Fly the great big sky
See the great big sea
Kick through continents
Busting boundaries
Take it hip to hip, rocket through the wilderness
Around the world the trip begins with a kissRoam if you want to
Roam around the world
Roam if you want to
Without wings, without wheels
Roam if you want to
Roam around the world
Roam if you want to
Without anything but the love we feel
Next week there will be advice from My Friend Mary. If you have a problem you want solved, let me know!

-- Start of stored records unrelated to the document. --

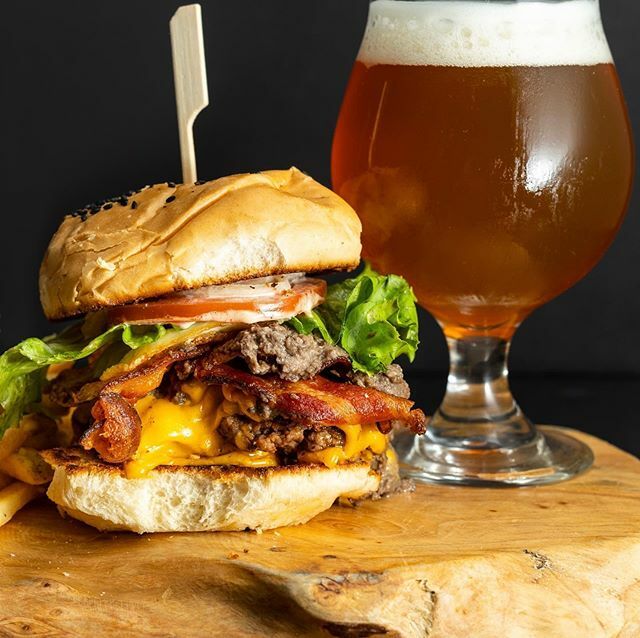 Sloppy &amp; Savory🤤 Click the link in our bio for reservations 🍔🍻 ift.tt/2m8NNOH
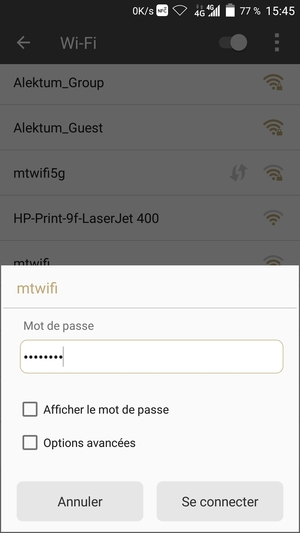 Saisissez le mot de passe du Wi-Fi et sélectionnez Se connecter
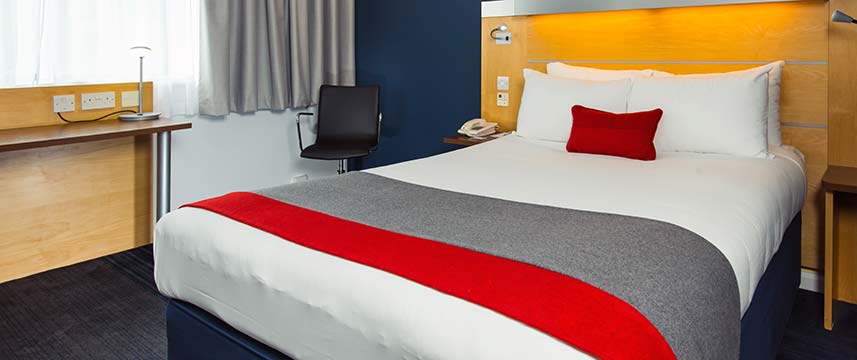 Holiday Inn Express Hemel Hempstead - Double Bed Holiday Inn Express Hemel Hempstead - Double Bed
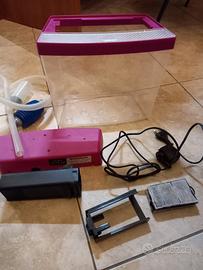 Acquario con pompa di filtraggio e pulizia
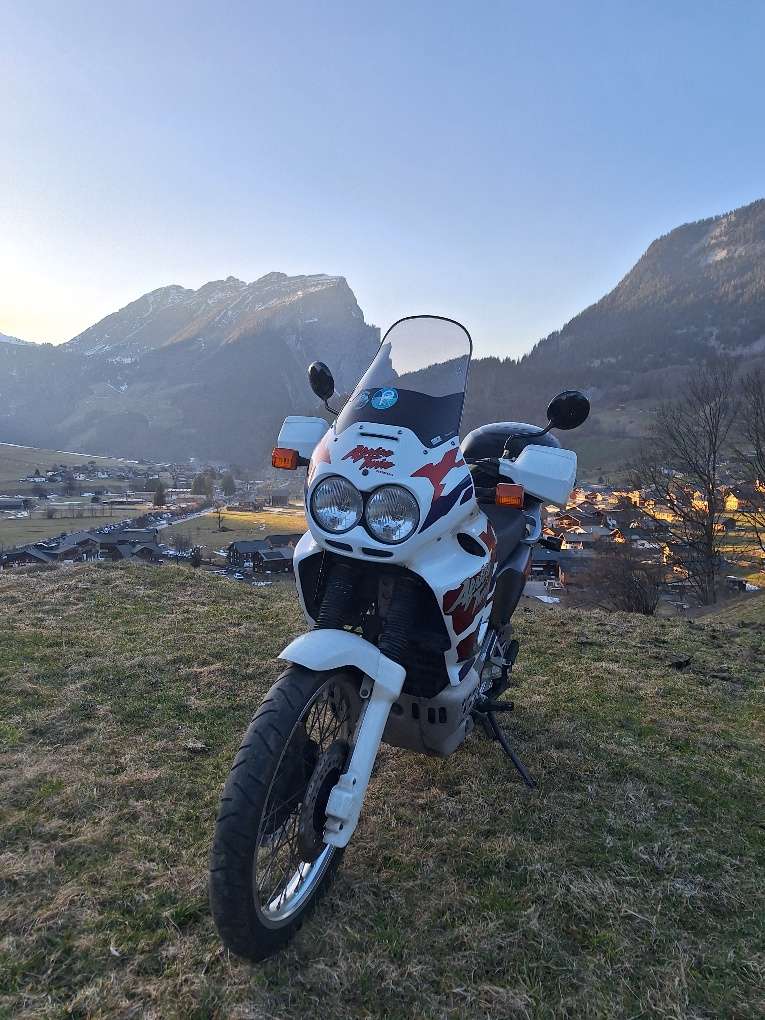 Honda XRV750 Africa Twin Enduro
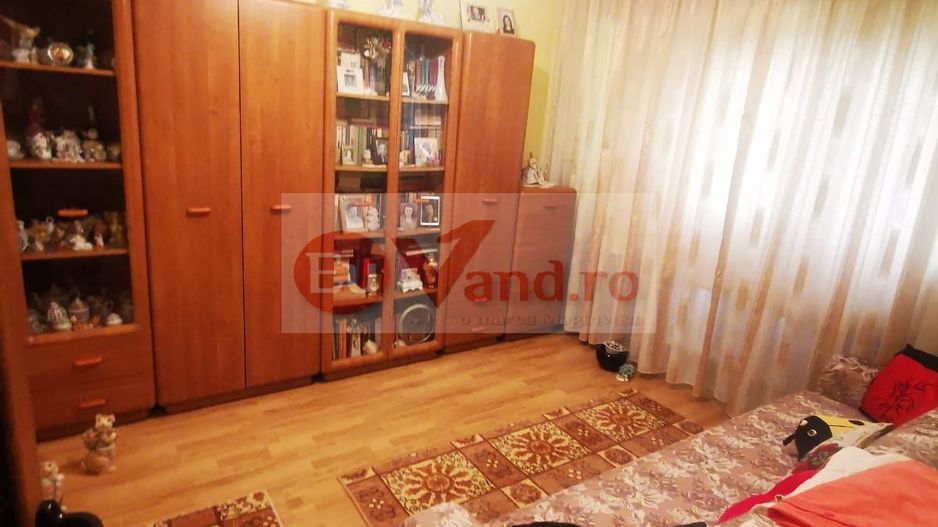 De vanzare apartament cu 3 camere Mazepa 1, BR-uri, etaj 4/10, 98.000 E - Poză 1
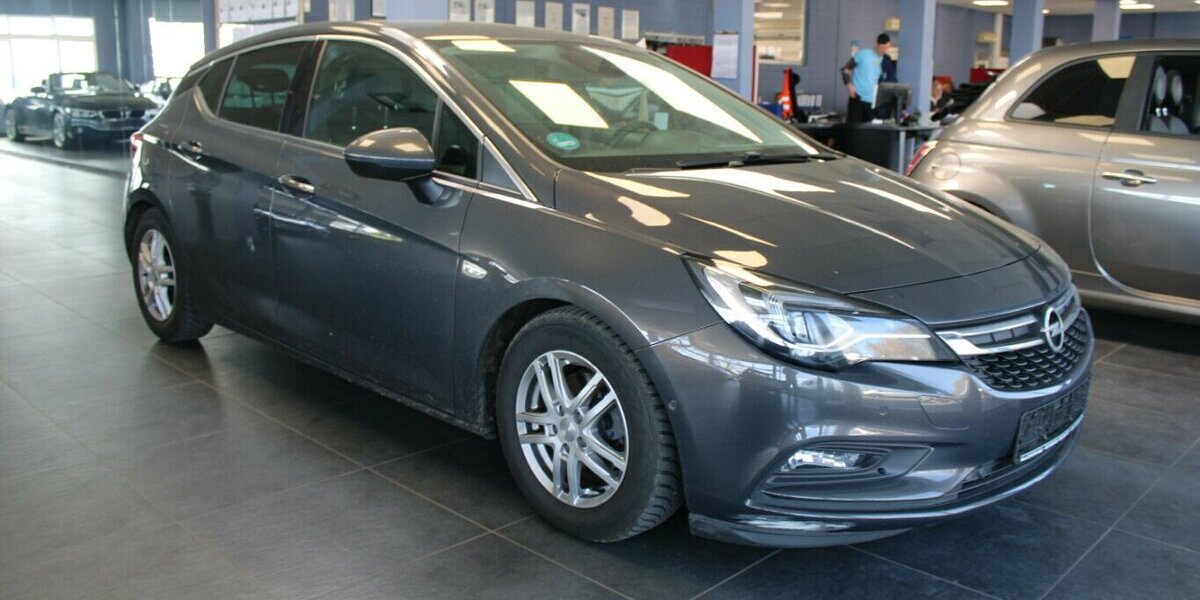 Opel Astra 1.4 - Navi - SHZ - 92.532 km 8.980 &euro; Euskirchen 53881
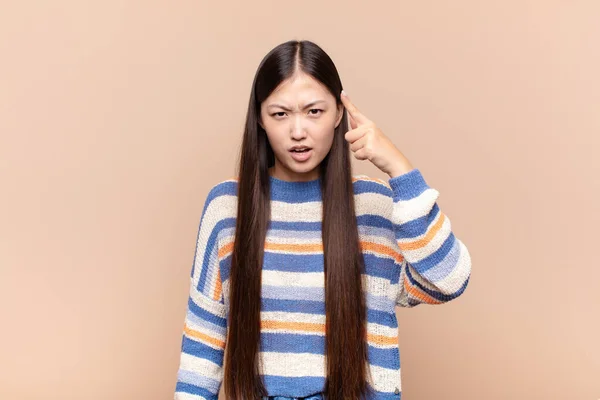Azji Młoda Kobieta Wskazując Aparat Wściekłym Agresywnym Wyrazem Twarzy Wygląda — Zdjęcie stockowe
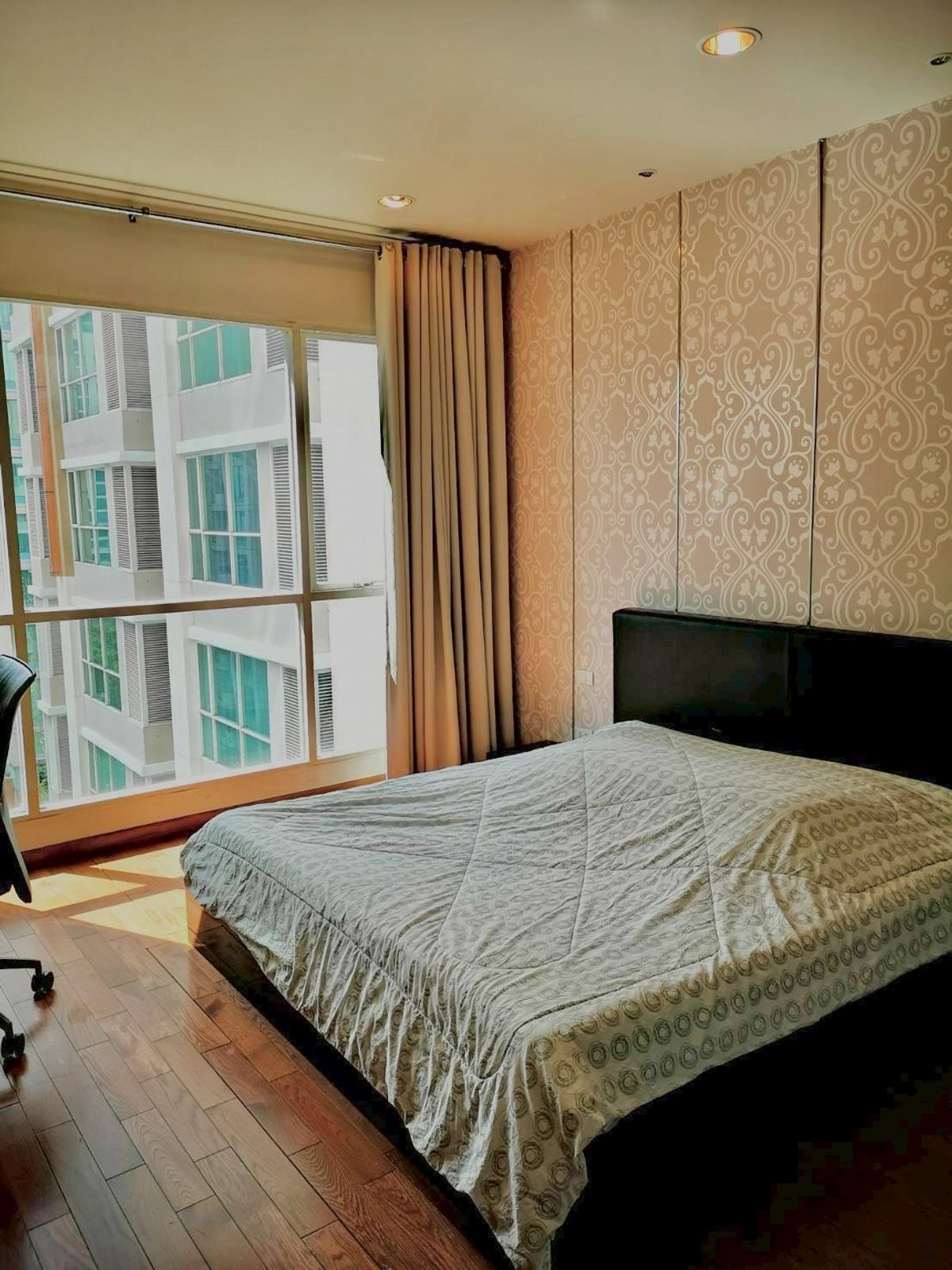ให้เช่าคอนโดวิทยุ ชิดลม หลังสวน : ให้เช่า The Address Chidlom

I'm flattered that you were inspired to post based on our conversation yesterday. Moreso because the subject matter needs more attention in this time of divisiveness. Why do poverty stricken, hopeless rural communities vote against policy that would protect them and improve their standard of living? In small town USA the evangelical church has sway and are very politically motivated to repress for their own power and, frankly, the end of abortion! It's THAT important to them. In other words, don't hate the player, hate the game.
ps Darci's mom's failure is not the lack of "strict" child rearing, but the lack of motivation to ensure her daughter not get in trouble. She gives up to Darci's melt downs rather than do whatever parenting it takes to break the generational dysfunction. Not to give up too much, but Darci's mother succumbs to a desperation of her own.
I have read two books that enlightened me, and Hillbilly Elegy is one. Tara Westover's memoir Educated is the second. The theme of mental illness in her family resonated. My mother, who did not raise me or my three sisters, is bipolar and schizophrenic. Reading Tara's memoir gave me a perspective I never considered, which is a relief that I was not affected by her mental illness in a way that could have altered my life had she been a constant presence. It also revealed that forgiveness and compassion are possible without including a mentally ill family member in your life.
Thank you, Victoria, for sharing your family story and opening a dialog with your friends.